Song #37: Don McLean - "American Pie"

Song #37: Don McLean - "American Pie" (1971)
American Pie
"And while Lenin read a book on Marx, the quartet practiced in the park, and we sang dirges in the dark the day the music died."

I remember singing Don McLean's monstrous hit "American Pie" - and I mean the full eight and a half minute song, not the five minute radio edit - on the swingset in my backyard when I was eight or nine-years-old, marveling at the complexity of the song, its length, and its lyrics sung with incredible passion and emotion on part of McLean himself. The song got me so energized and excited in some parts, while bringing me down when McLean would circumvent and return to his more somber, sadder focus during the first and the last verse. 

One thing remains about me and "American Pie" that was prominent when I was younger; I still don't really have much of an idea what the song talks about and can only give the interpretation of a handful of lyrics. The song is well-known for its heavily ambiguous, cryptic lyrics, much of which have been open for analysis, debate, and interpretation for years, with McLean remaining courageously silent on his meanings behind the lyrics. Just like The Eagles' "Hotel California," it seems we'll never know the official meaning - just the heavily-analyzed meanings of bloggers like us.

In a broad sense, the song describes "The Day the Music Died," or February 3, 1959, where musicians Buddy Holly, Ritchie Vallens, and J.P. "The Big Bopper" Richardson were killed in a plane crash in Iowa. The crash left the United States and the music industry stunned, as three invaluable talents, one of them seventeen-years-old, were taken like that, forever leaving a scar on the rock and roll industry that was just gaining serious momentum in the late fifties.

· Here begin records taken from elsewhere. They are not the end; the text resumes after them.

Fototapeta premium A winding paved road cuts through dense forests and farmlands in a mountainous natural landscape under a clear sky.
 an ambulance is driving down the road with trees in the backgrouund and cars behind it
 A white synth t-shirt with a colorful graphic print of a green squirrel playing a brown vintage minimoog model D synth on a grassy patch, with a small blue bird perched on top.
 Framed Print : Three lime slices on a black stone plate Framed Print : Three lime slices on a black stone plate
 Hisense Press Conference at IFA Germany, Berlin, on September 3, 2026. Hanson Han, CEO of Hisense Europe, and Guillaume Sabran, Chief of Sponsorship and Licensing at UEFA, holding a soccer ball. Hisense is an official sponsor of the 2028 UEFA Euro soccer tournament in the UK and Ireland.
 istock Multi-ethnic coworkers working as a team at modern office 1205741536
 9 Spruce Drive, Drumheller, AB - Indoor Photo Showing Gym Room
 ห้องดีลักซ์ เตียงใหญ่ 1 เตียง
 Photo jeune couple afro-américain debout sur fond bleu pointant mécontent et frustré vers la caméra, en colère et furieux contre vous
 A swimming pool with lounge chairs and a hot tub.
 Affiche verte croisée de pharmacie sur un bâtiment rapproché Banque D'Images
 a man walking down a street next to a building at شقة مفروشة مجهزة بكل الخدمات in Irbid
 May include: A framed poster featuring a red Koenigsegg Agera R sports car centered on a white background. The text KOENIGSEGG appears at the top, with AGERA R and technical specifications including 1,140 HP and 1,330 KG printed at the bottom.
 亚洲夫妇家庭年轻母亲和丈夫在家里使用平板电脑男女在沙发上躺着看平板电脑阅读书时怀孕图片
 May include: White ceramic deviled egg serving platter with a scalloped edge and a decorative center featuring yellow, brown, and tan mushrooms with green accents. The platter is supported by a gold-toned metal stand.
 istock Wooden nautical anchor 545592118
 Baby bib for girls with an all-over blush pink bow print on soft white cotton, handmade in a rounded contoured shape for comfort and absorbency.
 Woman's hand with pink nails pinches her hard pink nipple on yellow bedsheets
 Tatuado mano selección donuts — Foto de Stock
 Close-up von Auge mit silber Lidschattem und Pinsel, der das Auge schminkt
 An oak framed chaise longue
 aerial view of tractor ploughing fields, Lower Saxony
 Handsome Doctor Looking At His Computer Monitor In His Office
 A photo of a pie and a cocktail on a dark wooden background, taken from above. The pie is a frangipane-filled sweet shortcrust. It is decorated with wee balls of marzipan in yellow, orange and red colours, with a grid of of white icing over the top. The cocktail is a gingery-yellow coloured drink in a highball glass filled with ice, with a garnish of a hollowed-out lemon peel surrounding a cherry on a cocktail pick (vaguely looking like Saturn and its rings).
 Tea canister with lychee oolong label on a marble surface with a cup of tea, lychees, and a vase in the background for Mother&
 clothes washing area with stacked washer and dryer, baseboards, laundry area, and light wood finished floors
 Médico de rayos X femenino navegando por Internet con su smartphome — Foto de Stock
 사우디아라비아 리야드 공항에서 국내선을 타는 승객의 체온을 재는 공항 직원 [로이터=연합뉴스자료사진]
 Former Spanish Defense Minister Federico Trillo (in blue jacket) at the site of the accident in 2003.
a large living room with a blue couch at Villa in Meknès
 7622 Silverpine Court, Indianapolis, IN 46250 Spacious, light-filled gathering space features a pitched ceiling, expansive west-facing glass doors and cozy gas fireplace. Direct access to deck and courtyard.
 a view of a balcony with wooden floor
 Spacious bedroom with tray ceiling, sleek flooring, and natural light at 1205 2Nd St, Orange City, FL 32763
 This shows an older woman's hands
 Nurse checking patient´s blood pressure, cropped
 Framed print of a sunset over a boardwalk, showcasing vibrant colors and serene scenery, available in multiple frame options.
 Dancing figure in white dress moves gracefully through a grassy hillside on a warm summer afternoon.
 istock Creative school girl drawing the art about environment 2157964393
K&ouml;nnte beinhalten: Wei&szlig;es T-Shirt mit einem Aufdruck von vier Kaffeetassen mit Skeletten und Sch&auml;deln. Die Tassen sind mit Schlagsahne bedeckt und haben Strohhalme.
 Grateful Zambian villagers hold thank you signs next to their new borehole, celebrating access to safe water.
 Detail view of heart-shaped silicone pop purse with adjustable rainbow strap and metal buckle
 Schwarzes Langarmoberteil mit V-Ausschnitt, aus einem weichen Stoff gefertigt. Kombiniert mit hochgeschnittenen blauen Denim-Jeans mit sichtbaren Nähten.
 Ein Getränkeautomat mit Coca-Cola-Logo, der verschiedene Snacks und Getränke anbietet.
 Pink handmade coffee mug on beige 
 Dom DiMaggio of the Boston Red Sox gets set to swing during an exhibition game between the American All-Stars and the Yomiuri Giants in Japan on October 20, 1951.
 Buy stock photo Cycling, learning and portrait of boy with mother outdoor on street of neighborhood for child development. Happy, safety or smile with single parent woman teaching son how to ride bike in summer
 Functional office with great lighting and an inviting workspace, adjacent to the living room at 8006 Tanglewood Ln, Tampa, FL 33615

McLean's "American Pie" has been the defining song of that incident, recounting the horrors and how "February made [him] shiver with every paper [he'd] deliver," and discusses other surrounding events that occurred around the time these three artists were killed. My favorite line is the one I quoted above, which can be open to just as much interpretation as any of the lines of the song. Breaking it down one by one, the reference to Lennon reading a book on Marx could go both ways; we could either be talking John Lennon, who was believed to be influenced by the German philosopher Karl Marx or Vladimir Lenin, a Russian philosopher who believed in Marx politics). I believe it's the latter because the followup line already concerns The Beatles by saying "the quartet practiced in the park." Finally, "we sang dirges in the dark" references sad songs or dark poetry, meaning, to fit the time period and the surrounding events, the narrator and his pals engaged in dark poetic exchanges.

Don McLean's "American Pie" really tests the idea of just what music is. Essentially, music is poetry with instrumentation, which is what "American Pie" proved with its vague lyricism. Whenever I put on the song now, I just bask in the complexity of it all and I remember when I was younger, doing the same thing. Not much has changed and there will always be the day the music died.